Aber als nach zwei Töchtern noch Zwillinge geboren wurden, sah die Welt anders aus: „Eines der Mädchen hat Nieren, die kein Phosphor produzieren. Dadurch haben sich ihre Beine verbogen. Doch statt vieler Medikamente bekam sie morgens und abends ein Teeglas voll Lavandula-Essig mit Schachtelhalm und Lorbeer. So brauchte sie keine OP. Darauf bin ich stolz“, sagt die vierfache Mutter und zweifache Oma. „Durch Krankheiten lernt man das Leben kennen, schätzt dessen Wert und wird stärker und selbstbewusster.“

Ihr großer Wunsch: einen eigenen kleinen Laden eröffnen

Auch in der Wilhelmsburger Moschee gibt sie Frauen Ernährungstipps – und fragt stets nach der Blutgruppe. „Mein Mann hat A und muss Vegetarier sein. Ich dagegen habe B und darf wegen der Arthrose weder Hähnchen noch Kichererbsen essen. Aber ich gebe Eierschalen in eine Mühle und mische sie in meinen Joghurt“, sagt die 52-Jährige, die ihr Wissen weitergeben will und vor einem Jahr einen Instagram-Account eröffnete – auf Türkisch: Sifahanem Sirkeleri. Sifa heißt Heilung, Hanem ist das Haus und Sirkeleri ist eben der Essig.

Wenn Kunden – darunter seien auch Ärzte und Heilpraktiker – nachfragen, füllt sie ihre inzwischen 60 verschiedene Essigsorten aus den großen Zwölf-Liter-Flaschen ab.

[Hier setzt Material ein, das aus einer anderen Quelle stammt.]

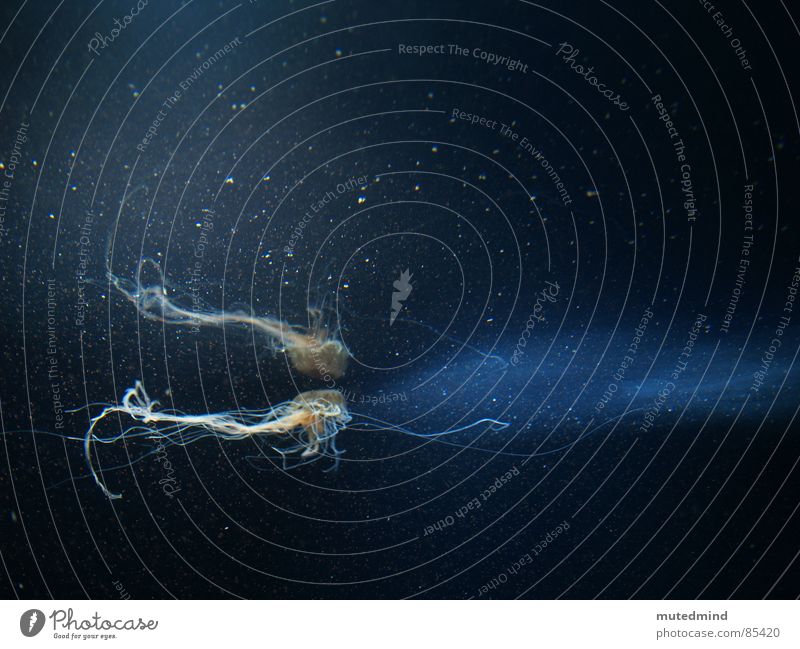 Unterwasser ist Überwasser Qualle Aquarium Tier Spiegelbild Fisch Meer Wasser Unterwasseraufnahme blau Linie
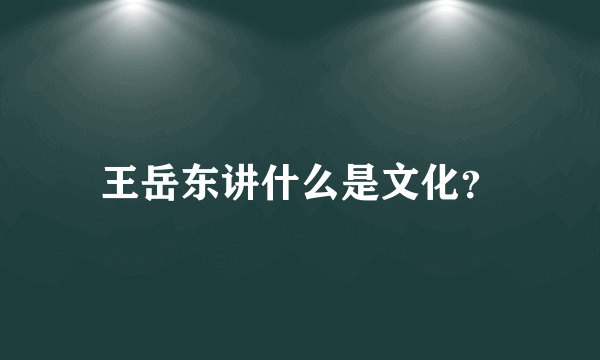 王岳东讲什么是文化？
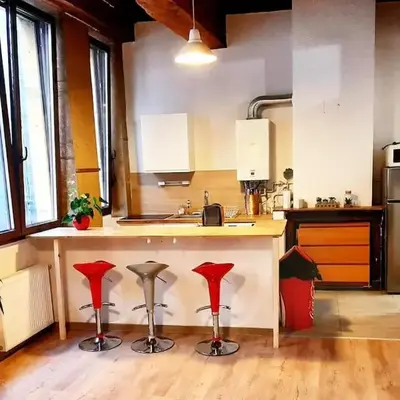Lyon Centre Warm apartment full of charm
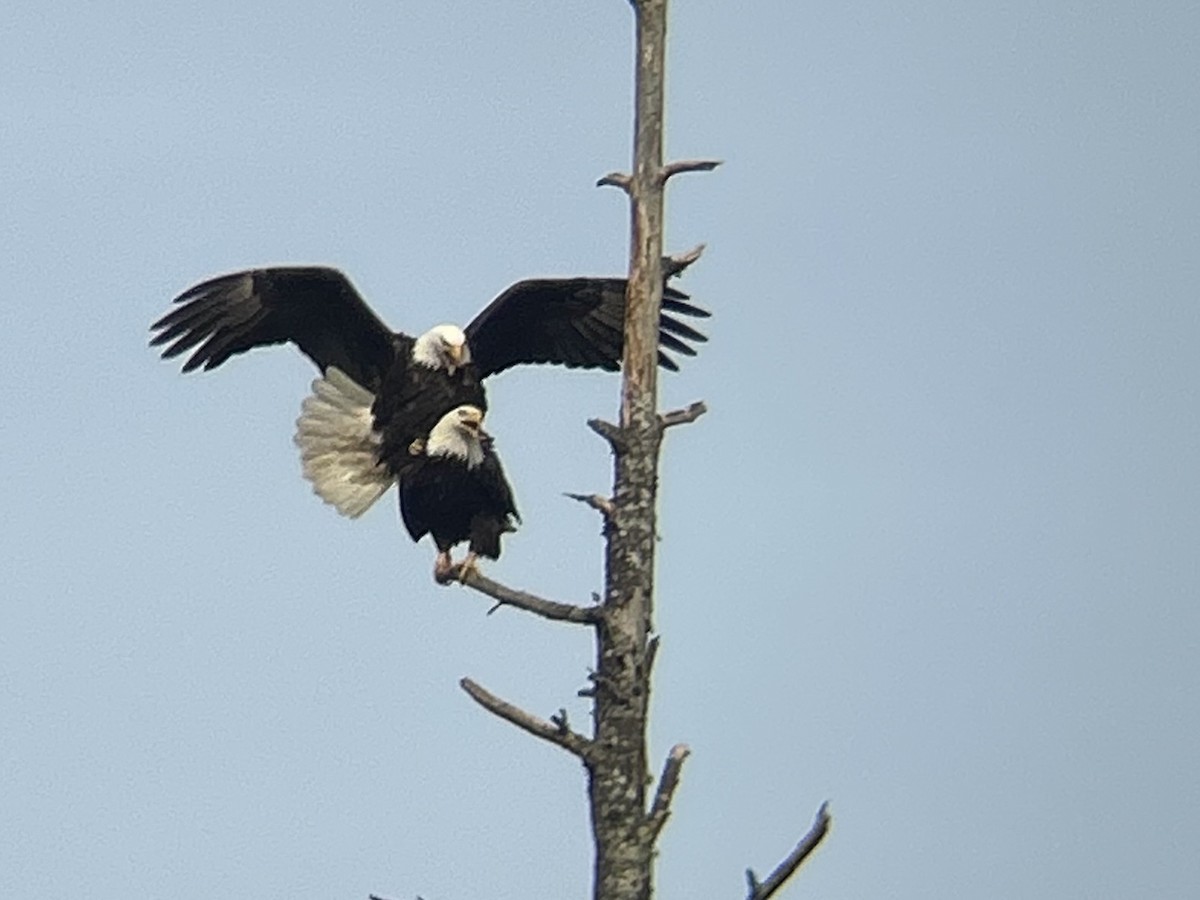 Bald Eagle - ML631780088
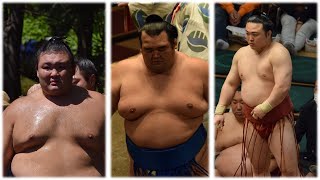 Asanoyama back fighting; Terunofuji \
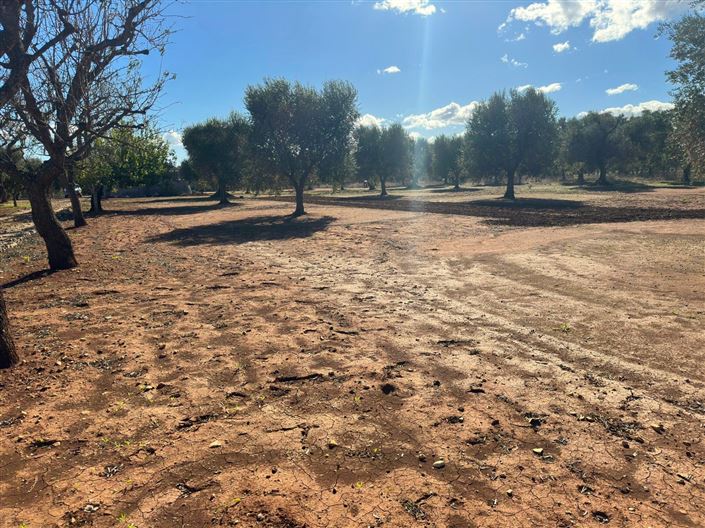 Image No.25-2 Bed Property for sale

Ein halber Liter kostet etwa 15 Euro – samt selbst kreiertem Etikett. In ihrem 500 Quadratmeter großen Kleingarten beim Inselpark baut sie viele Pflanzen selbst an – so auch Rosen : „Ich muss alles mit der eigenen Hand sammeln und verliere mich gern in der Natur.“

Dabei hätte sie noch einen großen Wunsch, nämlich einen eigenen kleinen Laden zu eröffnen. Wann dafür neben der zu pflegenden Mutter (73) noch Zeit ist? Da macht sich die fröhliche Tezel Cetin keine Sorgen, denn nicht umsonst werde ihr Vorname mit „schnelle Hand“ oder „flinke Frau“ übersetzt.